In den folgenden Wochen führen wir den Unterricht fort. Jetzt sind wir auch besser vorbereitet und widmen jeden Tag einem Oberthema, wobei wir zwischendurch auch alte Themen wiederholen und zur Abwechslung Spiele spielen. Es fällt uns immer noch nicht leicht, mit den Schülern zu kommunizieren und ihnen die Aufgabenstellungen verständlich zu machen, aber es klappt von Woche zur Woche besser. Hier ein Beispiel für eine Unterrichtsstunde zum Thema "Animals":

Nach einem kurzen "Good morning"-Song schreibt ein Schüler das heutige Datum an die Tafel. Anschließend zeige ich den Kindern Bilder von den einzelnen Tieren, unter denen der Name steht. Ich lese den Namen laut vor und lasse ihn die Schüler mehrmals wiederholen. Das mache ich mit einigen Tieren und anschließend schreiben die Schüler die Namen selbst. Zum Üben gibt es dann ein Arbeitsblatt: Hier müssen die Kinder die Namen selbst zu den Tierbildern zuordnen. Bei einigen Tieren klappt das recht gut, bei anderen gibt es Schwierigkeiten. Das kann aber auch daran liegen, dass einige Tiere hier weniger bekannt sind.

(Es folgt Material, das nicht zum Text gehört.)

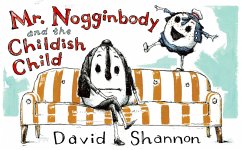 Cover Mr. Nogginbody and the Childish Child (eBook, ePUB)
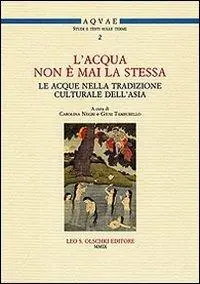 Bestseller «L‘acqua non è mai la stessa». Le acque nella tradizione culturale dell‘Asia. Atti del Seminario (Lecce, 18 aprile 2007)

Unterrichtsvorbereitung; Anhand dieser Bilder können die UKG-Schüler Tiernamen lernen. 
Zum Ende hin spiele ich noch ein Spiel mit den Kindern: Alle setzen sich in einen Kreis und jedes Kind bekommt einen Tiernamen zugeordnet. Wenn ich einen Tiernamen sage, müssen alle Kinder, die diesen Tiernamen haben, aufstehen und sich einen neuen Stuhl suchen. In jeder Runde wird ein Stuhl weggenommen, sodass pro Runde ein Schüler keinen Stuhl bekommt und es am Ende einen Sieger gibt. Das Spiel kommt bei den Schülern gut an und diente einerseits als Abwechslung, andererseits zur Wiederholung der Tiernamen.

Die UKG-Schüler der St. Dominic's Schule spielen ein Spiel, bei dem sie nebenbei Tiernamen lernen.

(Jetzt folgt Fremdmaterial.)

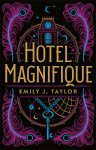 Emily J. Taylor 288292 - Hotel Magnifique
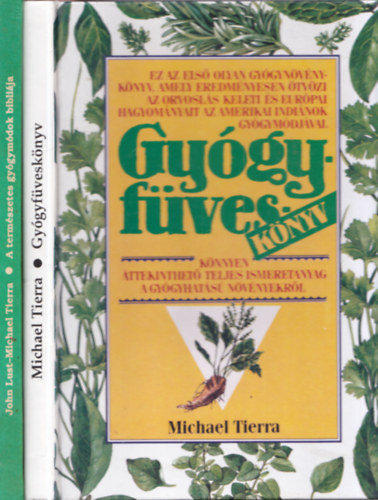 Michael Tierra, John Lust: 2 db természetgyógyászat: Gyógyfüveskönyv + A természetes gyógymódók bibliája antikvár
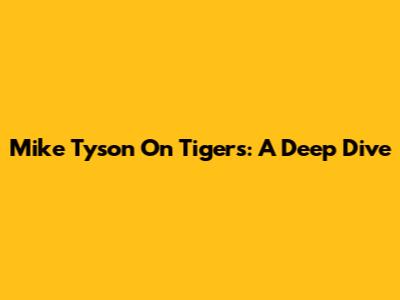 Mike Tyson On Tigers: A Deep Dive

In der nächsten Stunde hat sich bei der Wiederholung gezeigt, dass die Kinder sich viele Namen wirklich gemerkt haben. Die Stunden scheinen also - auch wenn es nicht perfekt läuft - den Kindern wirklich zu helfen, ihre Englischkenntnisse etwas zu verbessern. Aber auch wir können von dem Unterrichten vieles mitnehmen: Was mich beeindruckt, ist die große Motivation zum Lernen, die bereits die LKG- und UKG-Schüler an den Tag bringen. Lernen können wir durch die Stunden, auf möglichst einfachen Wegen zu kommunizieren. Wir können also unsere Methoden weiterentwickeln, damit die Schüler z. B. unsere Aufgabenstellungen besser verstehen können. Wir haben bereits Ideen. Z. B. können wir Symbolkarten für Arbeitsanweisungen wie "Sit down", "Raise your hands" oder "Write it down" erstellen. In den nächsten Wochen werden wir es ausprobieren. Ich bin gespannt, wie gut es funktioniert.